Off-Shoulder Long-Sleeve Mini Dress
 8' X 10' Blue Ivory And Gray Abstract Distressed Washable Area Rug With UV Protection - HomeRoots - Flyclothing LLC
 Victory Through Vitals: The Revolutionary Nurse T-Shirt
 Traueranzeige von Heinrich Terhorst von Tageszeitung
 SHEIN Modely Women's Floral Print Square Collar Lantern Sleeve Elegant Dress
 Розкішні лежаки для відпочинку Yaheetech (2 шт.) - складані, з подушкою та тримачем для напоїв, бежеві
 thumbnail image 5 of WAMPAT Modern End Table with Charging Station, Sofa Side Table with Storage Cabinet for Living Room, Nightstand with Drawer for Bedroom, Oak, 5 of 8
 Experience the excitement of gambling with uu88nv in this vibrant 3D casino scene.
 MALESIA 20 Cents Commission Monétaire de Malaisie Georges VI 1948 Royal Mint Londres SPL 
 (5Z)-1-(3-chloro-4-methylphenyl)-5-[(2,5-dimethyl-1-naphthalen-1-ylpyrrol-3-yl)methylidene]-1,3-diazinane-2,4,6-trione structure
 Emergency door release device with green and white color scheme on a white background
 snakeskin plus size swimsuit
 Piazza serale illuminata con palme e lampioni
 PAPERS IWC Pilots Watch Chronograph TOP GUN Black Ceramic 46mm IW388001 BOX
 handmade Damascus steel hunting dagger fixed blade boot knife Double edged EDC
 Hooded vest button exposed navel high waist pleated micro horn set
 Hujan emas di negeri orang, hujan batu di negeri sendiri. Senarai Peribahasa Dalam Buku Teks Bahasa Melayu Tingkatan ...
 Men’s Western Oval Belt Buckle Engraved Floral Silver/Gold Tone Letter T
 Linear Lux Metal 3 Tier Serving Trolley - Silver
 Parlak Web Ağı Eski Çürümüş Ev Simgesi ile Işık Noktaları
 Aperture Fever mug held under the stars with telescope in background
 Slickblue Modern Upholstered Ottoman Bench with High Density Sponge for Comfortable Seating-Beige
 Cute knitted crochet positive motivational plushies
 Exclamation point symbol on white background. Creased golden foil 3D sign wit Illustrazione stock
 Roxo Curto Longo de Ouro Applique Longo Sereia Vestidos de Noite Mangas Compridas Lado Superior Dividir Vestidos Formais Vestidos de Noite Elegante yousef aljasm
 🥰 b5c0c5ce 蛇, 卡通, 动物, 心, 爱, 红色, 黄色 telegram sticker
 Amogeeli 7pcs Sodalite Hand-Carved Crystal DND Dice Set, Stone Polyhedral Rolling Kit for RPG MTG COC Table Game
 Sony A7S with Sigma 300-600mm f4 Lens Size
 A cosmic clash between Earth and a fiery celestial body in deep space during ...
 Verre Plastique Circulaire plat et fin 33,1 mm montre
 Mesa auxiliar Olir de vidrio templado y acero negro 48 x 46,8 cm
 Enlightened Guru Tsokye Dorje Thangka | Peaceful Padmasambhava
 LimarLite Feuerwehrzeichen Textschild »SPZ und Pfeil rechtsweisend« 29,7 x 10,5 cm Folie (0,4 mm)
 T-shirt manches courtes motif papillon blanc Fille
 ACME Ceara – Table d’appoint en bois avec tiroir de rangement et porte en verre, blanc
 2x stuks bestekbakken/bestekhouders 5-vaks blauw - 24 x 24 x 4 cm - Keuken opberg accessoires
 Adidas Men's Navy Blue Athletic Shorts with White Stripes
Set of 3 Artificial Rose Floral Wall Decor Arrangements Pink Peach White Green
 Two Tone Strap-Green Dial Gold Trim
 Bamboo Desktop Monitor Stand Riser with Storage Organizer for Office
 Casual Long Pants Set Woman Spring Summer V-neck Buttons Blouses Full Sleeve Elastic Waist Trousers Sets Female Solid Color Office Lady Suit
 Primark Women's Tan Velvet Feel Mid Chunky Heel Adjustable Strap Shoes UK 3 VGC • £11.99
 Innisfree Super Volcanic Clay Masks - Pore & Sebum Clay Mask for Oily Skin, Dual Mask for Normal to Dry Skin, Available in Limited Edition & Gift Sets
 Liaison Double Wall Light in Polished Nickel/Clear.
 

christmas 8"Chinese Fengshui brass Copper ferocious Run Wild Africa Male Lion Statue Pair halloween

Your goal
Retype the portion of the data above that starts on the line with "Amogeeli 7pcs Sodalite" and finishes on the line with "A cosmic clash", including both of those lines.

Reply to the exercise
 Amogeeli 7pcs Sodalite Hand-Carved Crystal DND Dice Set, Stone Polyhedral Rolling Kit for RPG MTG COC Table Game
 Sony A7S with Sigma 300-600mm f4 Lens Size
 A cosmic clash between Earth and a fiery celestial body in deep space during ...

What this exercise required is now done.